Week 11 HW: Bioproduction & Cloudlabs

Part A: The 1,536 Pixel Artwork Canvas | Collective Artwork

  • In the initial artwork (before the complete design was changed :()) I made that little flower using mRFP, sfGFP and mKO2.

  • I actually loved this project because we had the opportunity to contribute to the HTGAA effort. I would also like to say that Ronan’s page is easy to understand and use, thanks Ronan!

  • One thing I didn’t like was the fact that when this project was launched and we got the email, we started making our own figures but then (close to the deadline) some other students changed everything on the original design (can’t blame them though I know it was colaborative!). Maybe for next year the deadline could be shorter so it stays the original design or there’s not much time to re-design it?

Part B: Cell-Free Protein Synthesis | Cell-Free Reagents

  1. Referencing the cell-free protein synthesis reaction composition (the middle box outlined in yellow on the image above, also listed below), provide a 1-2 sentence description of what each component’s role is in the cell-free reaction.

a. E. coli Lysate

• BL21 (DE3) Star Lysate (includes T7 RNA Polymerase): bacterial cell extract containing all the molecular machinery needed for protein synthesis

b. Salts/Buffer

• Potassium Glutamate: maintains the ionic strength of the solution

• HEPES-KOH pH 7.5: buffer that keeps pH stable at 7.5 (close to physiological conditions)

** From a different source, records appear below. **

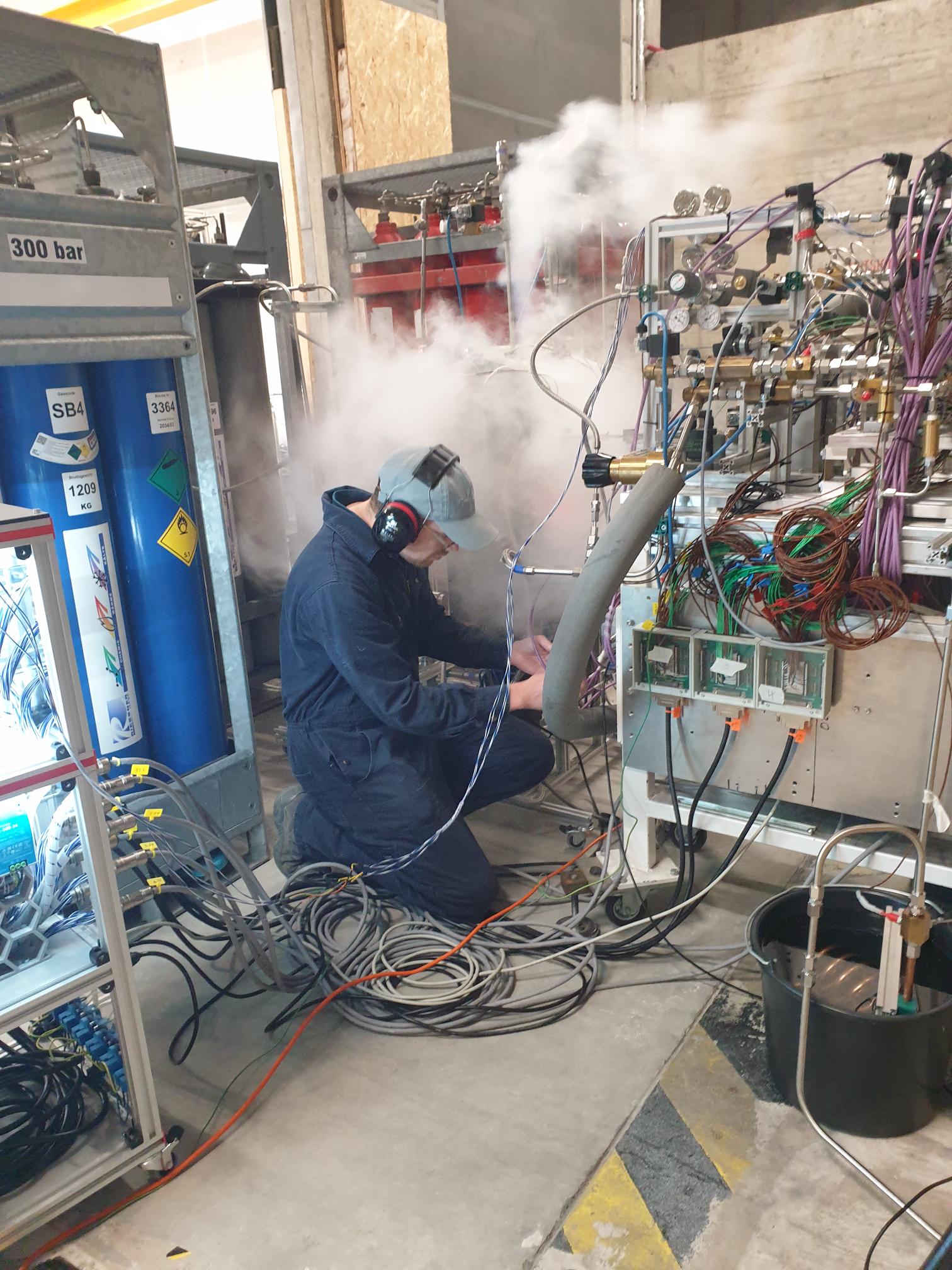 Technician in a cap and ear protection kneeling among cables, working on industrial equipment with steam nearby.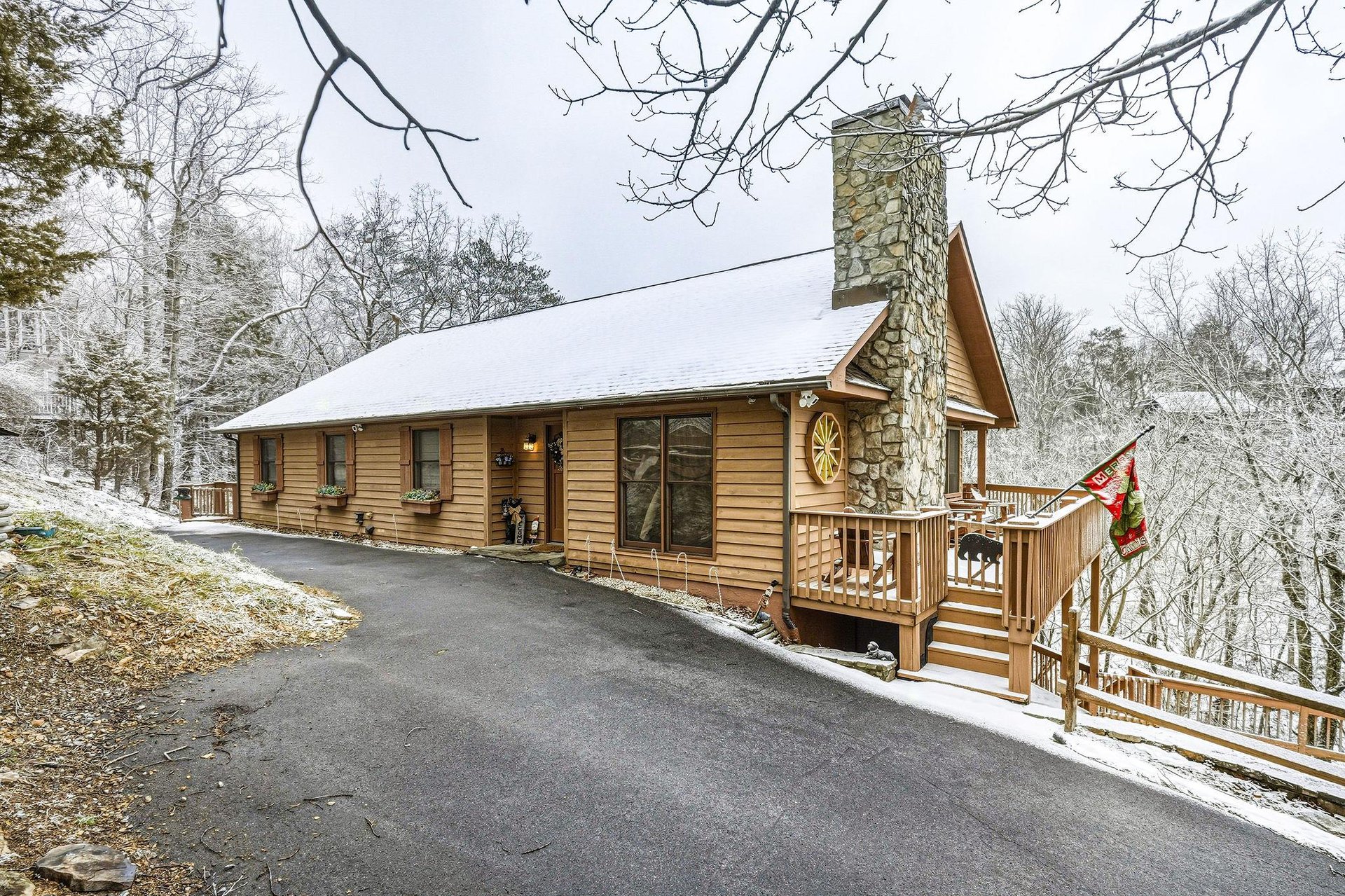 Charming log cabin nestled among snowdusted trees, featuring a stone chimney and welcoming deck for your mountain getaway.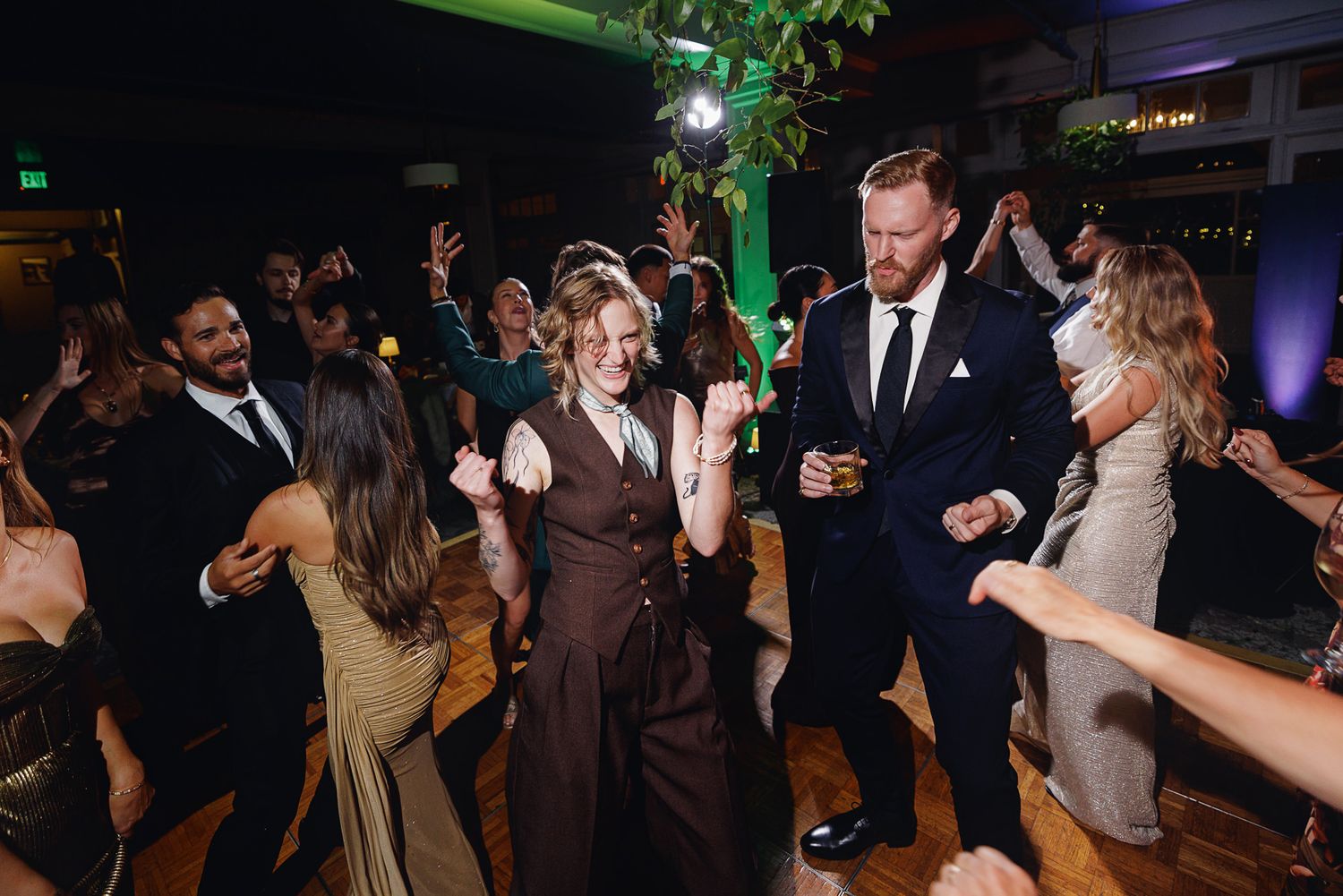 Guests dancing joyfully at a wedding reception, with a couple in the center dressed in formal attire.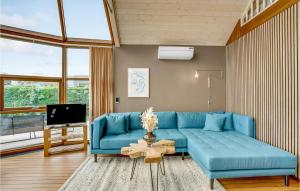 a living room with a blue couch and a tv at Two-Bedroom Holiday Home In Hejls in Hejls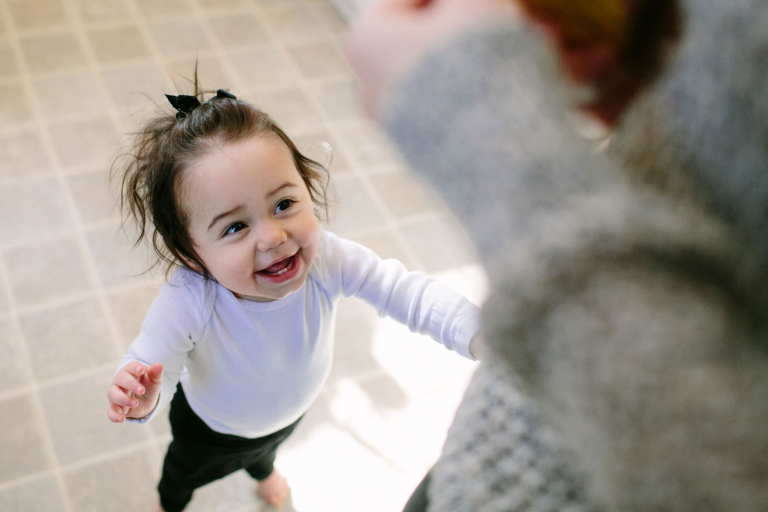 toddler girl looking up at mom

• Magnesium Glutamate: provides Mg+2 ions essential for ribosome assembly and enzymatic activity

• Potassium phosphate monobasic

• Potassium phosphate dibasic: these two forms together act a buffer providing phosphate groups

c. Energy / Nucleotide System

• Ribose: backbone for building nucleotides

• Glucose: energy source

• AMP

• CMP

• GMP

• UMP: these four nucleoside monophosphates are necessary for RNA synthesis

• Guanine: can be converted into GMP and then GTP

d. Translation Mix (Amino Acids)

• 17 Amino Acid Mix: provides 17 of the 20 standard amino acids for protein building

• Tyrosine

• Cysteine: tyrosine and cysteine are added separately because are prone to oxidation and poorly soluble at neutral pH

e. Additives

• Nicotinamide: precursor to NAD+, necessary coenzyme for metabolic reactions

f. Backfill

• Nuclease Free Water: to bring the reaction volume to the final desired amount, plus it has no enzymes that could degrade RNA or DNA in the reaction.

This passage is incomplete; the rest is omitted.